ORIGINALLY PUBLISHED BY THE SOMERS RECORD (03-16-23)- Please remember small business in your town during this coronavirus pandemic


     I've always said that when the time is right, I'll know when to retire. I'll know because someone from HR will come to my office, put a different name on my door, make a frown when they notice my Judge Judy coffee cup and say: "Mr. Melén, your services will no longer be needed here. We have figured out a way to automate your job." "AH," I say, "you've developed a complicated microprocessor which integrates a series of algorithms that understands the random nature of what exactly I do." She says, "Actually, we made it from Lego. By the way, what exactly DO you do?"

     But for now I've been back working in the city two days a week as one of America's hybrid employees. I'm finding that I actually enjoy going into work on those days, it gets me out of the house and into the real world, if there is such a thing. I'm also noticing a few changes since the pre-pandemic business model.

     I notice that there are more people having business meetings on the toilet than there ever were before. Maybe I should have warned you first, but it's something that needs to be addressed. A call comes in next door and I can hear everything on speakerphone: "Where are you calling from? There's an echo in there." "I'm calling from the john- I mean John's office. And I've got a bit of a cold." "You do sound a little flushed. Anyway, just give me the straight poop on how the project is coming along. You're our number one man on the project." "I guess I'm also the number two man."

     And if you're driving in the City you should know that the traffic lights have been re-programmed. Now when you're sitting at a red light watching for the yellow light going in the other direction so you can time your getaway just before yours turns green, you've got a new surprise: there is a lag time that lets only pedestrians cross in your direction, so now you have to wait before you can almost run somebody over in the crosswalk. New Yorkers who are used to almost running somebody over immediately are not going to like this.
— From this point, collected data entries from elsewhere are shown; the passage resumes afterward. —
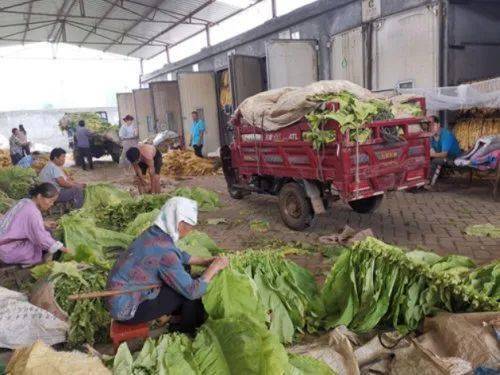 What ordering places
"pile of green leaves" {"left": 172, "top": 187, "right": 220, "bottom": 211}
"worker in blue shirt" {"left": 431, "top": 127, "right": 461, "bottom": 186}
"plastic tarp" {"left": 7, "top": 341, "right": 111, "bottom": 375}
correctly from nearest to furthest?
"plastic tarp" {"left": 7, "top": 341, "right": 111, "bottom": 375} < "worker in blue shirt" {"left": 431, "top": 127, "right": 461, "bottom": 186} < "pile of green leaves" {"left": 172, "top": 187, "right": 220, "bottom": 211}

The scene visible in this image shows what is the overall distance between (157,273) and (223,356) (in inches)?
33.1

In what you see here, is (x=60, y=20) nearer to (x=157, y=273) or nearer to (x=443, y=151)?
(x=443, y=151)

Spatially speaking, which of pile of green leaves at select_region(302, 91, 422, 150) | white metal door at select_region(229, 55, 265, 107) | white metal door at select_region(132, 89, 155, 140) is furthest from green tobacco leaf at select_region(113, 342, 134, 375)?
white metal door at select_region(132, 89, 155, 140)

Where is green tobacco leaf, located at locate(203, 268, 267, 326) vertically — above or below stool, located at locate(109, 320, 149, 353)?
above

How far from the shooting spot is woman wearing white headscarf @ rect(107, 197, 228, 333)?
288 centimetres

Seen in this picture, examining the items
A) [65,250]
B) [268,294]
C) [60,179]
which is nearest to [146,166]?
[60,179]

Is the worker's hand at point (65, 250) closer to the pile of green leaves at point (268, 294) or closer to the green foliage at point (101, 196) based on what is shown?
the pile of green leaves at point (268, 294)

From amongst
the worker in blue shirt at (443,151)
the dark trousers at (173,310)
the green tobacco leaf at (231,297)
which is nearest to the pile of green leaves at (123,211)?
the dark trousers at (173,310)

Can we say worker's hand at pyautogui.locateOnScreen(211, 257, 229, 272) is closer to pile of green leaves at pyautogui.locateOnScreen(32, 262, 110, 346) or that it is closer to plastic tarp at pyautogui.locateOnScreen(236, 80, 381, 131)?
pile of green leaves at pyautogui.locateOnScreen(32, 262, 110, 346)

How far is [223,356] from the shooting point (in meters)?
2.35

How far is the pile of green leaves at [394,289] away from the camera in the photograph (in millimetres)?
2807

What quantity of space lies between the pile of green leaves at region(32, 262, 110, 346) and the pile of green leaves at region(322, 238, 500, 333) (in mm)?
1826

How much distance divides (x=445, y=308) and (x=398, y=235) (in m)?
3.00

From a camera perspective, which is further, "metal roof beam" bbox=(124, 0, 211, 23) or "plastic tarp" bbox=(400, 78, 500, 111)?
"metal roof beam" bbox=(124, 0, 211, 23) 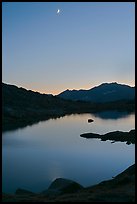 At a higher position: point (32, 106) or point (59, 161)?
point (32, 106)

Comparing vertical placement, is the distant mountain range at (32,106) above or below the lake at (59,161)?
above

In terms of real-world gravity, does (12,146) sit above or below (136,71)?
below

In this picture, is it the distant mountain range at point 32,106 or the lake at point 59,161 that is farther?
the distant mountain range at point 32,106

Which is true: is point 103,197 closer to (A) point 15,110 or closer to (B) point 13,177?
(B) point 13,177

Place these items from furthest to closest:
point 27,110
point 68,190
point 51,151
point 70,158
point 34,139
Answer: point 27,110
point 34,139
point 51,151
point 70,158
point 68,190

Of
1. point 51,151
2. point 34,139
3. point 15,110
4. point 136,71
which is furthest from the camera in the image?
point 15,110

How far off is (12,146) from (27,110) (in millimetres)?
78574

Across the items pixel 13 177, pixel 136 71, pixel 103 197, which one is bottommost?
pixel 13 177

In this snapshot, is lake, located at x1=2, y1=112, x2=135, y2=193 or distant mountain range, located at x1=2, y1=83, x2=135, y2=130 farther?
distant mountain range, located at x1=2, y1=83, x2=135, y2=130

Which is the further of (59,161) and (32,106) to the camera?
(32,106)

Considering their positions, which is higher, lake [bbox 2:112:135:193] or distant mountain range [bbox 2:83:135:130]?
distant mountain range [bbox 2:83:135:130]

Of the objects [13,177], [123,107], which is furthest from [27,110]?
[13,177]

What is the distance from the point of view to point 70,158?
47.0m

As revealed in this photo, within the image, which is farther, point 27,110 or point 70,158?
point 27,110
     You no longer have to be tested to get into my building, thank goodness. I could ace the Covid part of the test but I stressed out thinking that there might be a math section. I can't be the only one who can never remember what 9 times 6 is. I didn't get Covid, even when it was fashionable, until just a few months ago. I never sealed myself into an airtight vault or anything, and I didn't sanitize my groceries unless they really looked like they'd been up to something in the bottom of the bag. I just used common sense, and it's been so long since I used it last that I had to re-read the instructions.     

     I used to be so excited to have a a snow day and stay home from work. Now, unless a snowdrift has piled up between my bedroom and my living room I'm expected to report. Everybody wants to work from home now that we know how, and who can blame them? Well, you've probably figured out by now that I can blame them. I hate going to the drugstore and instead of a checkout person, there is someone telling me how to use the automated self-checkout machine. Which NEVER works correctly when I use it wrong. Why doesn't the person showing me how to use the machine just ring me up instead? And if I go to the hospital I don't want to find out the hard way that everybody's working from home. "Hi this is Ginny and I'm your X-ray technician for today," she chirps from a video feed. "Just position your thigh up on there on that board and flick the switch over there on the side. Perfect. Oh, I forgot to mention this, but were you planning on children in the future? I should have told you to put that lead apron on."

     Companies are trying every incentive to entice people to to the office- exercise classes, workshops, wine tastings, everything's on the table. We had a puppy day at work today, where you could interact with the little critters and let your stress melt away. One of the puppies was a lab-a-pit-a-poo looking cutie. I asked him how long he'd been doing this, and he told me he's been working like a dog the last few months, and he has to be on-site five days a week. But soon he's going to be working from home Wednesdays and Fridays. Even hybrids are going hybrid. Maybe you can teach a new dog old tricks.